2019-10-12 18:01:07 | 受験・学校

いま、例の神戸市須磨区の学校で起きた教職員間「いじめ」の問題を、こんな感じで、約35年くらいの歴史のなかに位置付けて考えてみます。以下に書く内容は2日くらい前にフェイスブックに書いたことですが、文章の内容に手を加えて、こちらにも書きこみます。

まず、1980年代の臨教審以来約35年、主要な日本の教育改革の前には必ずといっていいほど、たとえばいじめ自死や青少年非行・重大犯罪などの「惨事」がマスメディアを通じて広く語られ、それに便乗するかのように改革が行われてきました。

それこそ…。

・1980年代の臨教審の頃=東京都中野区でのいじめ自死事件、アイドル歌手の自死、校内暴力等々。
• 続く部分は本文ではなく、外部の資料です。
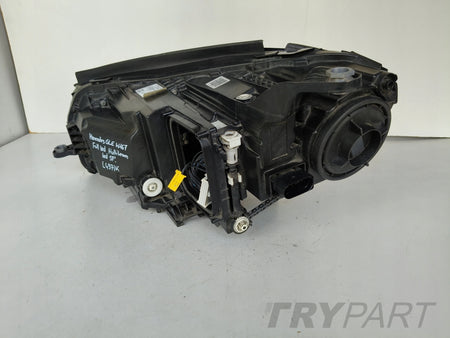 RIGHT HEADLIGHT MERCEDES GLE W167 19- FULL LED MULTIBEAM LED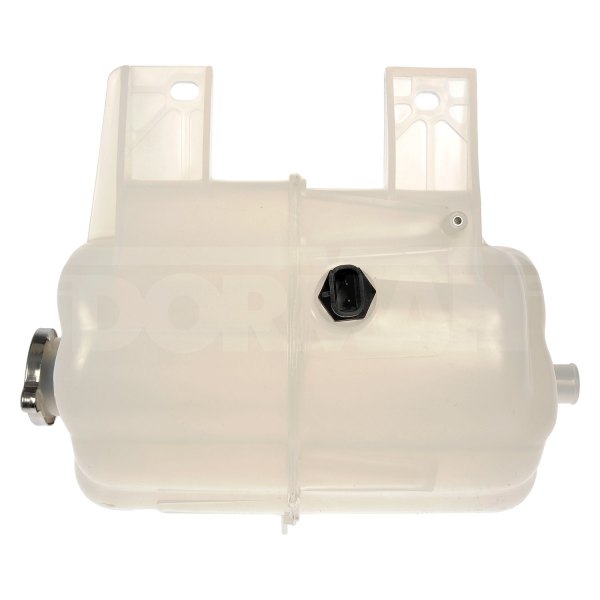 Dorman HD Solutions® - Engine Coolant Reservoir Heavy Duty Pressurized with Mounting Bracket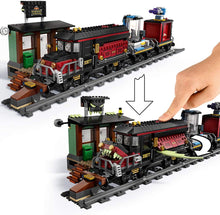 Load image into Gallery viewer, LEGO Hidden Side Ghost Train Express 70424 Building Kit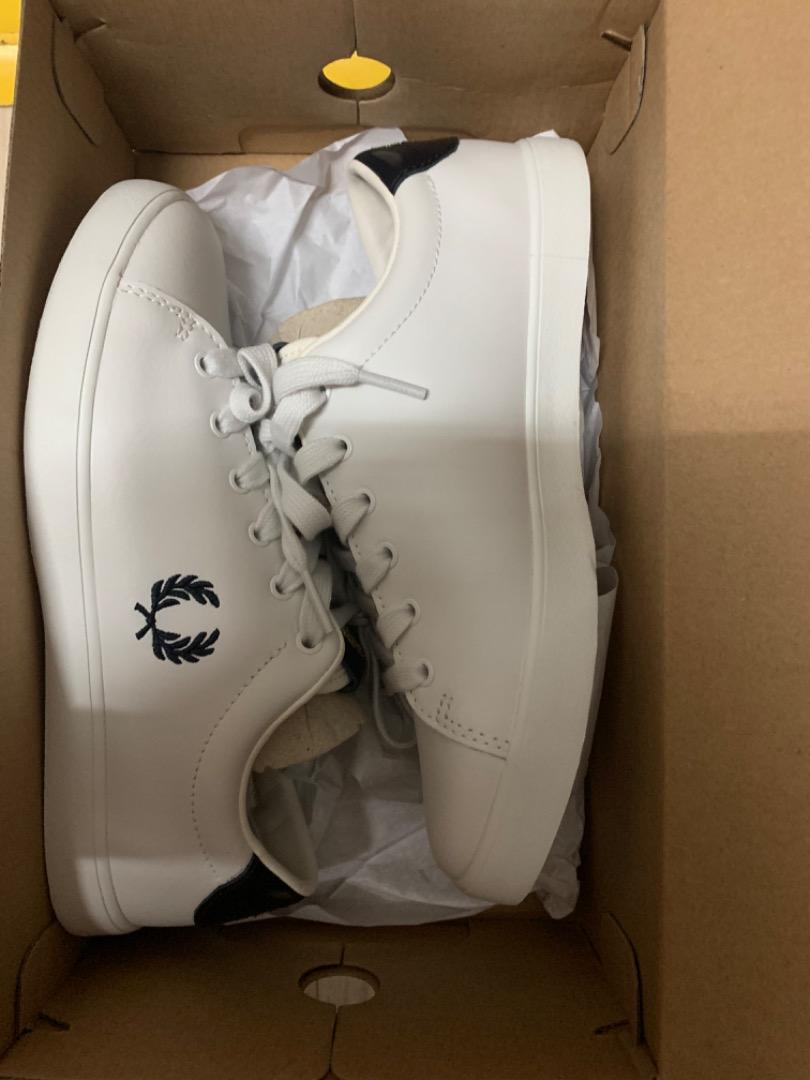 Fred perry lottie leather new arrivals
(たとえばいじめ対策として「徳育の強化」「教育相談体制の充実」「警察等の関係機関との連携」などが言われ始めたのも、この頃です)。

・1990年代半ば~後半の中教審「心の教育」答申の頃=中学生いじめ自死、援助交際、神戸市須磨区の連続児童殺傷事件等々。(少年の重大事件を契機に、少年法改正(厳罰化傾向)が強まったのもこの時期ですね。また、神戸は阪神淡路大震災の復興の途上だったこと。そのこともお忘れなく。そういえばスクールカウンセラー制度の導入もこの頃で、被災した子どものこころのケアなる言葉が流行したのもこの時期です。深刻な虐待ケースが報道され、児童虐待防止法制定に向けて動き出したのも、たしかこの時期ではないかと…)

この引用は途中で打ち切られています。